FS crawler should be used in the same server where elasticsearch is installed


(Edu) #1

Dear All,

I have started to work with elasticsearch last week. I apologize if I am asking something too obvious. I have to develop a fast solution for users to search inside MS-Office files.

I have two docker containers, one with the Django backend, which can access the user's files, and another container running elasticsearch-6, with host=elasticsearch:9200, where I have installed the "ingest-attachment" plugging.

I am using the elasticsearch_dsl and django_elasticsearch_dsl on the django server, however I could not find a clear explanation of how could I upload the file to the elasticsearch-6 (and I stress the SIX) server for indexing (only indexing the content... not to store it). The explanations that I found employed this 'Attachment" , that works only for elasticsearch 5.

Then, I came to find this nice project FS crawler with the promise that I could use a single api line like : curl -F "file=@test.txt" -F "id=my-test" "http://127.0.0.1:8080/fscrawler/_upload".

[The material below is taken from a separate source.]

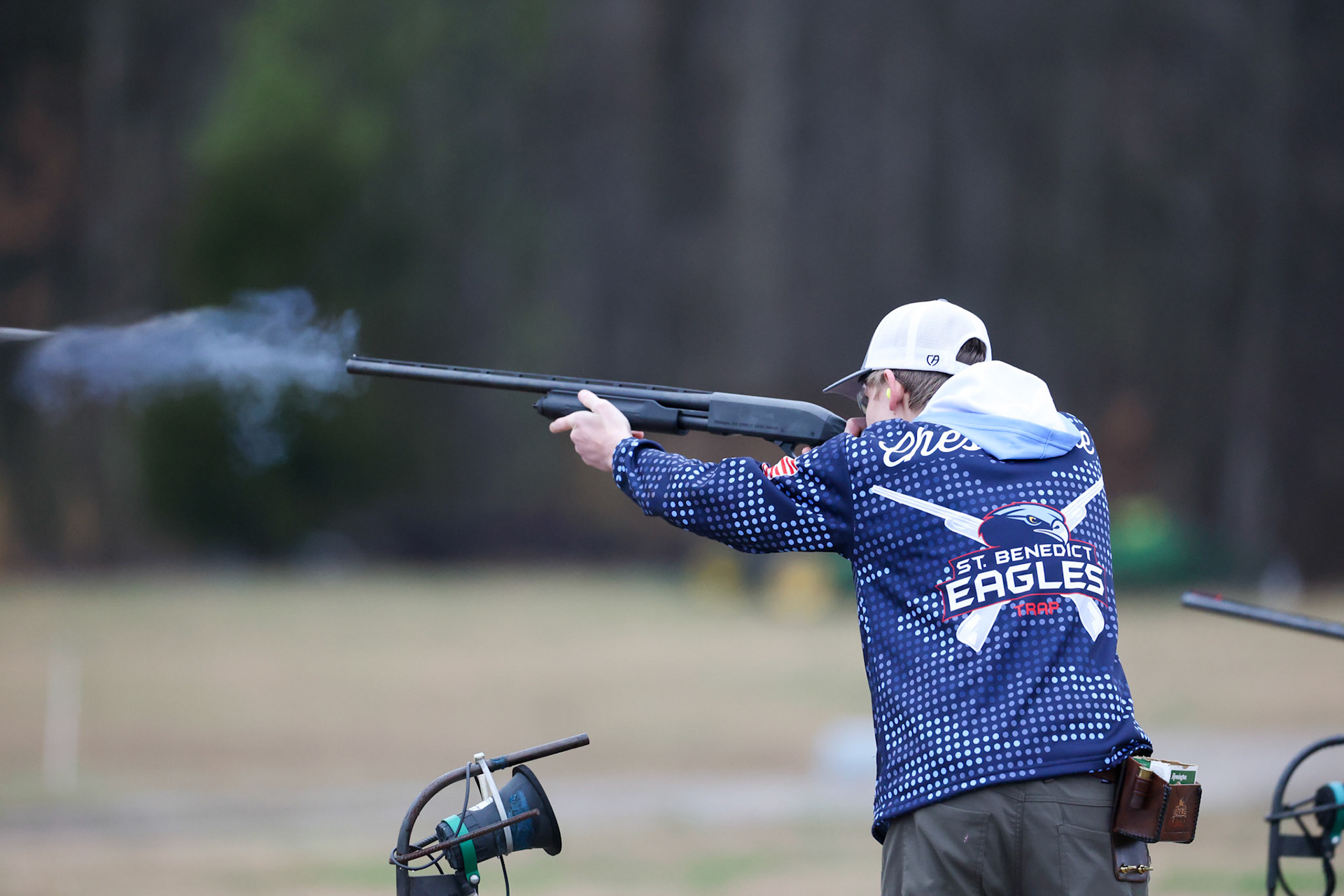 SBA Trap 2023. (Ryan Beatty Photo)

However it is still not clear how it works.
Is FS crawler a plugin for elasticsearch or an stand-alone program just to create indexes?
Should I install FS crawler in the elasticsearch docker container where I want the indexes to live?
Should I install FS crawler in the django docker container where the files are accessible?

I would like to simply use the endpoint in my Django server:
curl -F "file=@test.txt" -F "id=my-test" "http://elasticsearch:8080/fscrawler/_upload"?
and search using the "http://elasticsearch:9200/" by using the elasticsearch_dsl methods. Is it possible?

Any help would be appreciate, I am little lost here...
Best regards
Ed


(David Pilato) #2

It's a stand-alone application which should run within its own container.